Wright Transportation has amended its lawsuit against Pilot Flying J to accuse the truck stop chain and fuel provider of lying about its diesel fuel prices to defraud the carrier out of owed fuel rebates, according to court documents filed this week.
The Mobile, Ala.-based Wright is one of four carriers who continue to press litigation against Pilot over its fuel rebate withholding scheme uncovered two years ago.
Pilot reached an $85 million class-action settlement with 5,500 trucking companies in 2013, but seven carriers, including Wright, opted out of that deal to pursue separate claims against the company.Pilot also reached a $92 million criminal settlement with the U.S. Department of Justice, absolving the company of any further criminal charges. Criminal proceedings against individuals within the company, however, can still be pursued.

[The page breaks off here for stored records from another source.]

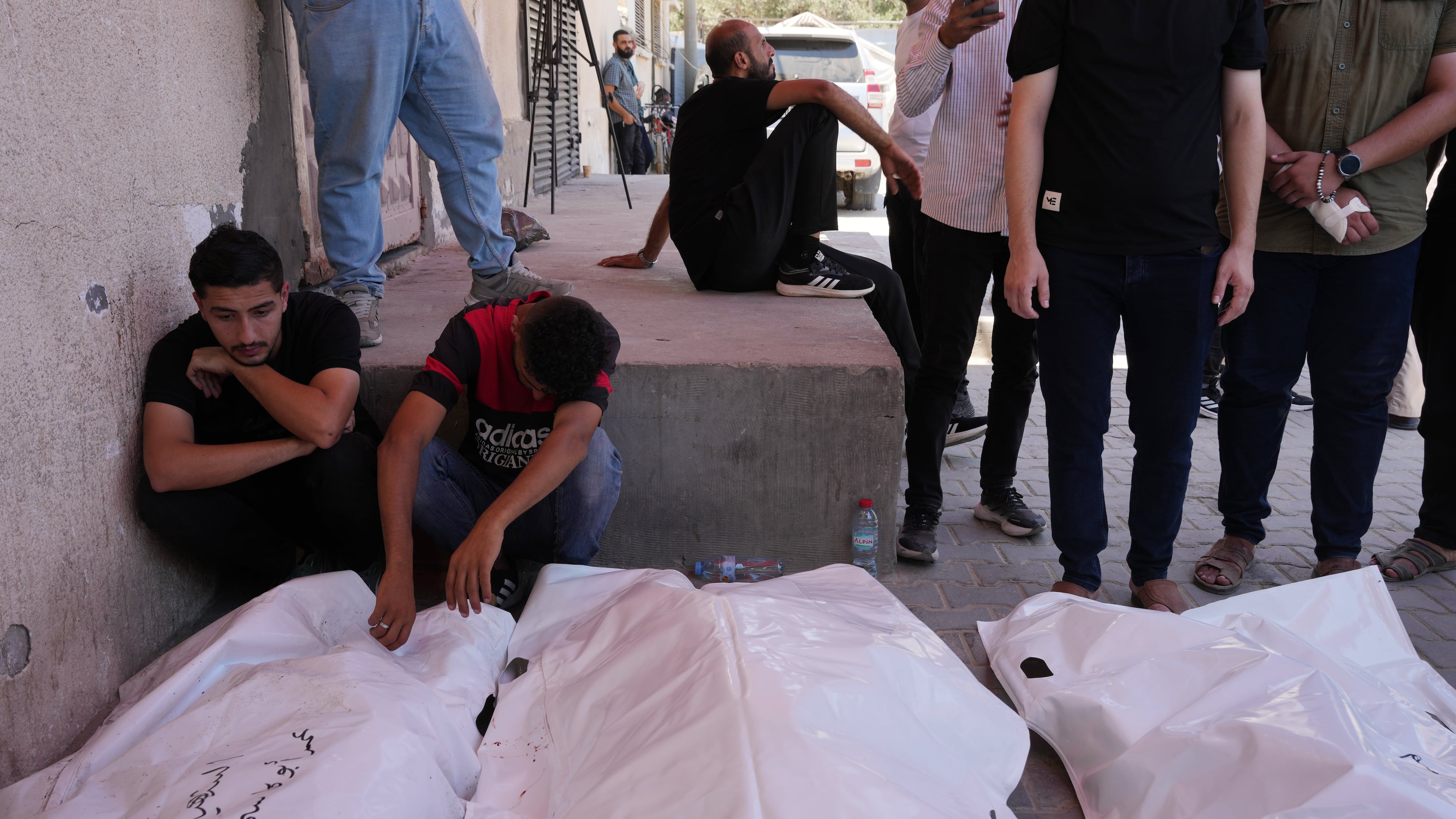 Palestinians mourn the bodies of people killed in an Israeli military strike on a residential building during their funeral at Al-Aqsa Hospital in Deir al-Balah, central Gaza Strip, Wednesday, July 15, 2026. (AP Photo/Abdel Kareem Hana)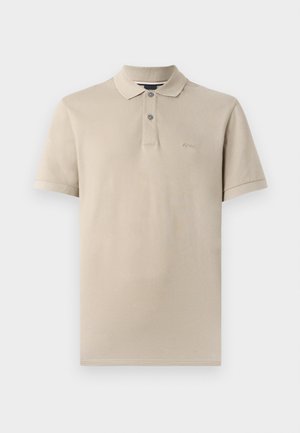 Polo shirt beige in cotone, con colletto classico, patta con due bottoni e ricamo del logo discreto sul petto. Maniche corte.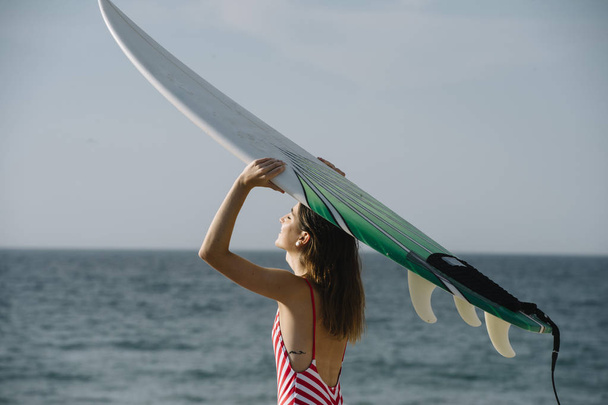 Sörf tahtası tutan bir plajda bir sörfçü kadın portresi - Fotoğraf, Görsel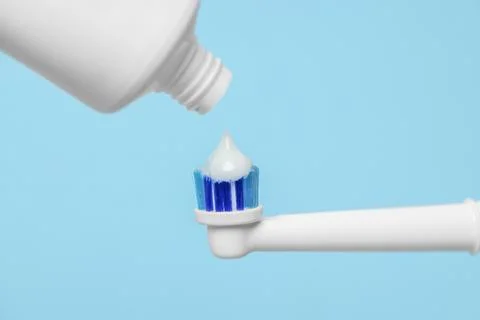 Electric toothbrush with paste on light blue background, closeup 스톡 사진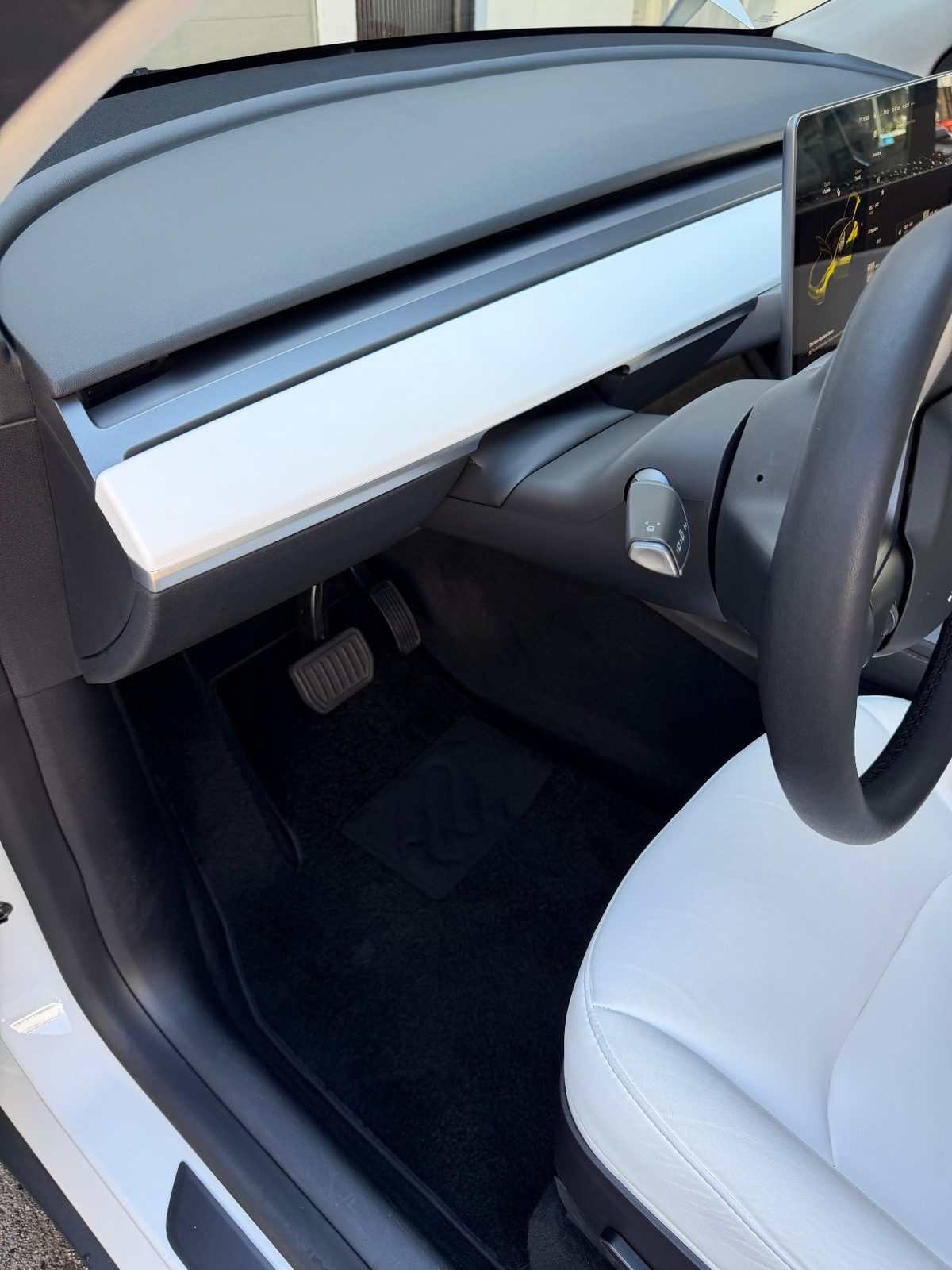 Clean driver footwell of a white Tesla Model Y after detailing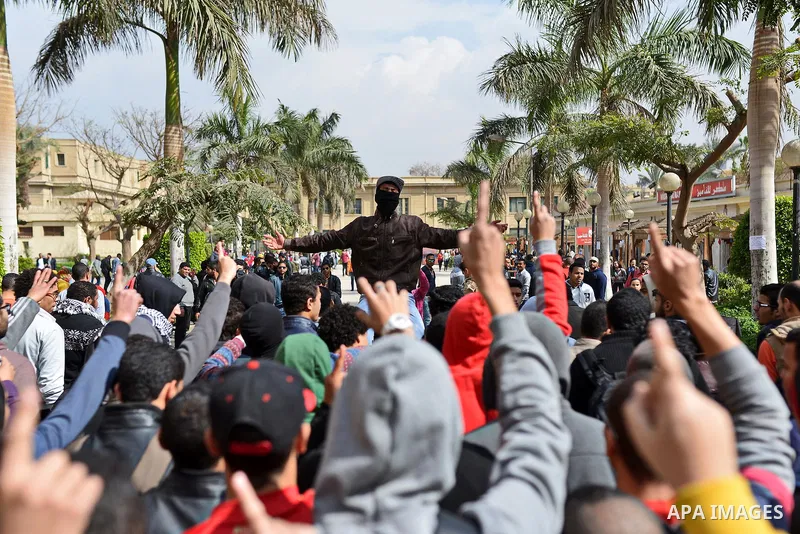 Egyptian students who are support ousted President Mohamed Morsi and the Muslim Brotherhood shout slogans during protest against the military rule, in Cairo University on February 18, 2015. Due to the escalation of stude...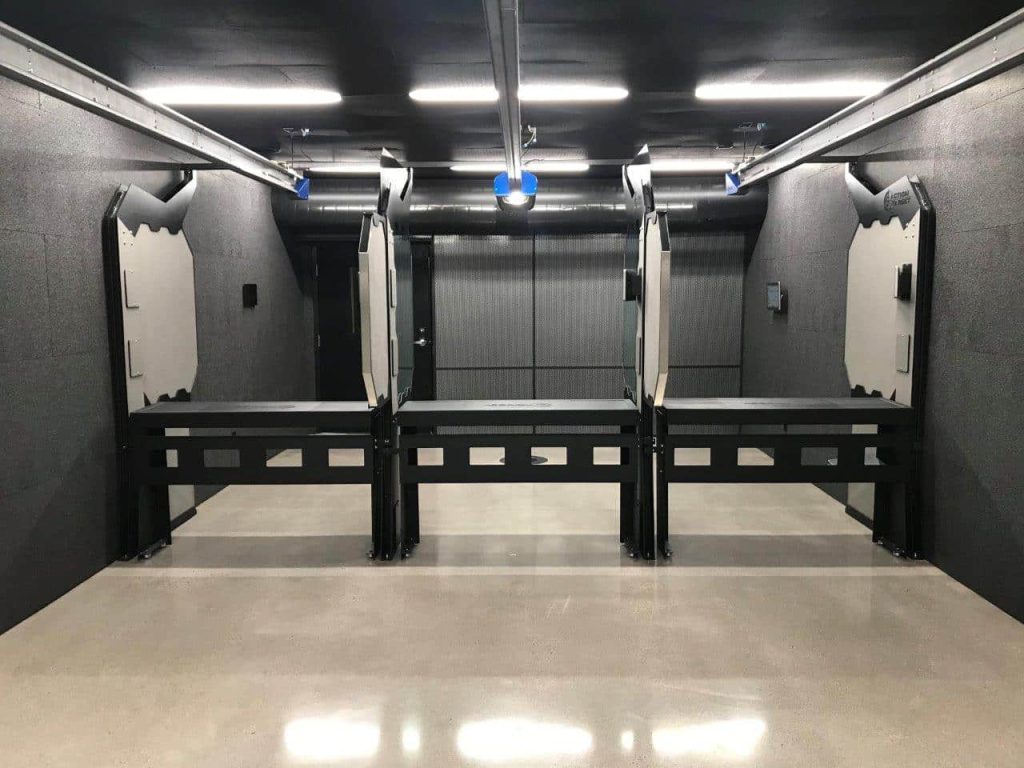 Empty shooting range with three lanes, barriers, and overhead lights in an enclosed space.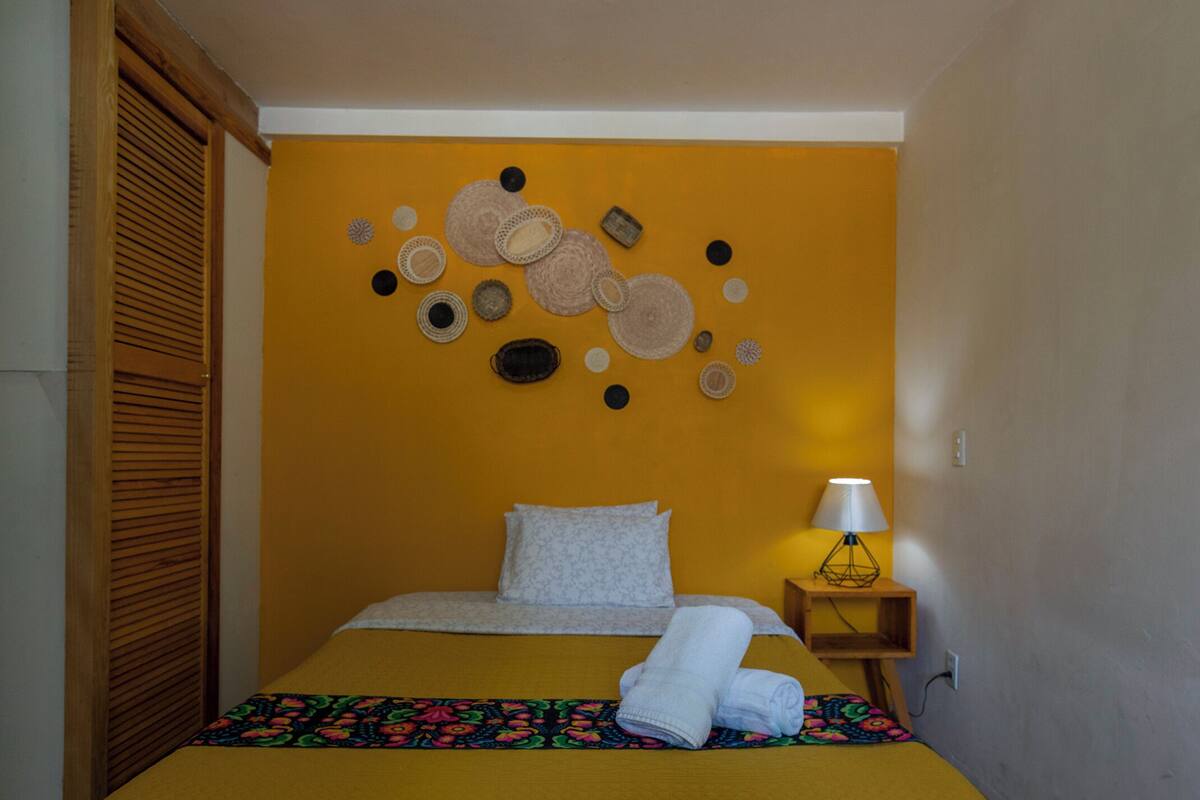 A room with a bed, a bedside table with a lamp, and a wall decoration.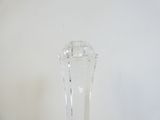 a clear glass vase sitting on top of a wooden table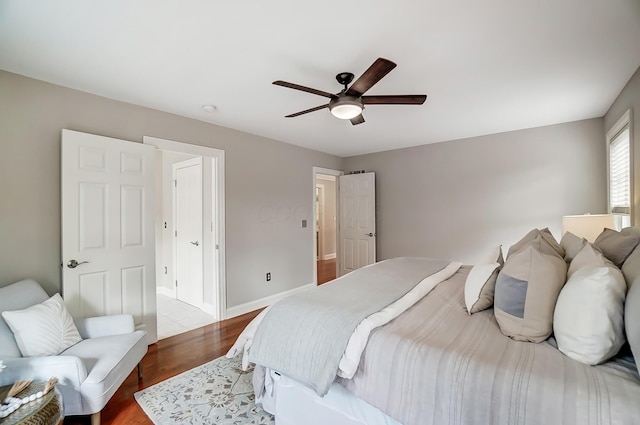 bedroom with a ceiling fan, baseboards, and wood finished floors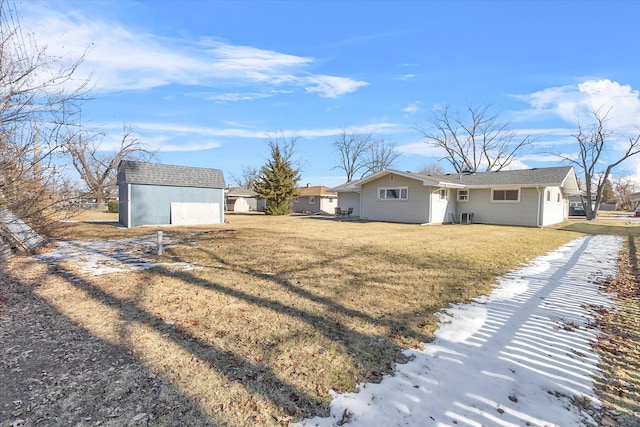 rear view of property featuring an outbuilding and a yard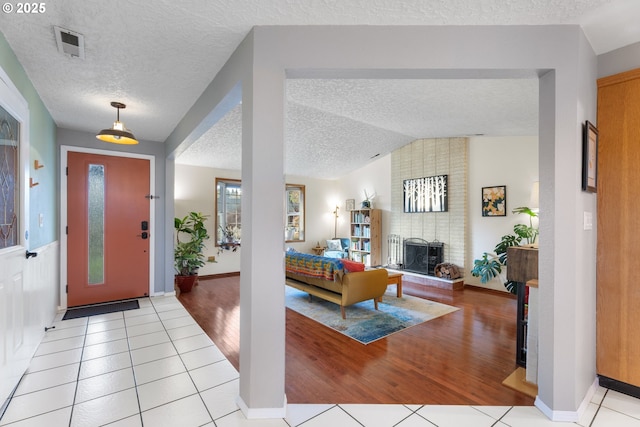 tiled foyer featuring a textured ceiling, a brick fireplace, and lofted ceiling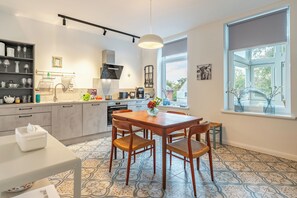 A modern kitchen with a dining area, featuring a large window, a hanging light fixture, and a variety of kitchen appliances.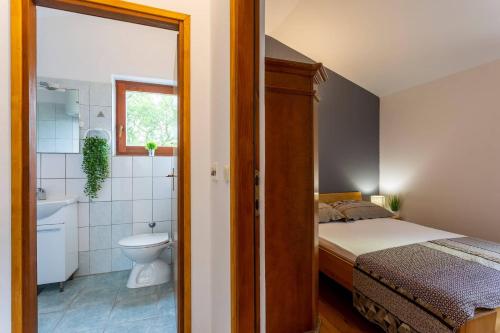 - une chambre avec un lit et une salle de bains avec des toilettes dans l'établissement Elegant Villa Versovica with pool near Pula, à Peruški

Wright in its latest accusation says its contract with Pilot dictated that it would pay for diesel from Pilot on a “cost-plus” basis, meaning the price Wright paid for diesel would be whatever Pilot’s costs were plus a pre-determined amount, generally 2 cents. It also was contracted for “retail-minus” pricing, meaning it could pay retail price for diesel minus a pre-determined amount. Its contract stipulated it would pay the cheaper of the two, either cost-plus or retail-minus.
The “cost-plus” or “retail-minus” fuel pricing, based on Pilot’s contracts with big diesel buyers like trucking companies, is the root of its alleged rebate withholding scheme. Carriers and federal investigators accused the company starting in 2013 of systematically and intentionally withholding owed fuel rebates from customers who bought diesel based on the cost-plus or retail-minus system.Carriers would buy diesel at the pump for the pump price, and it was up to Pilot to determine the difference between the pump prices and the pre-agreed upon cost-plus price and then refund carriers the difference.
Pilot allegedly would use so-called “manual calculations” to determine the difference, and that’s where investigators and carriers have accused Pilot of manipulating numbers to refund diesel customers less than what they were owed.
Wright, however, is now accusing Pilot of working the scheme from both ends — claiming they fudged both their costs upward and fudged Wright’s owed fuel rebates lower.
Wright claims in its amended suit that Pilot used the OPIS index to determine its cost instead of using its actual costs.
Earlier this year, three of the seven carriers who opted out of the 2013 settlement reached settlement deals with Pilot, the terms of which were not disclosed.
Since the FBI’s April 2013 raid and lockdown of Pilot’s headquarters in Knoxville, Tenn., 10 Pilot employees have pleaded guilty to charges of fraud and conspiracy charges.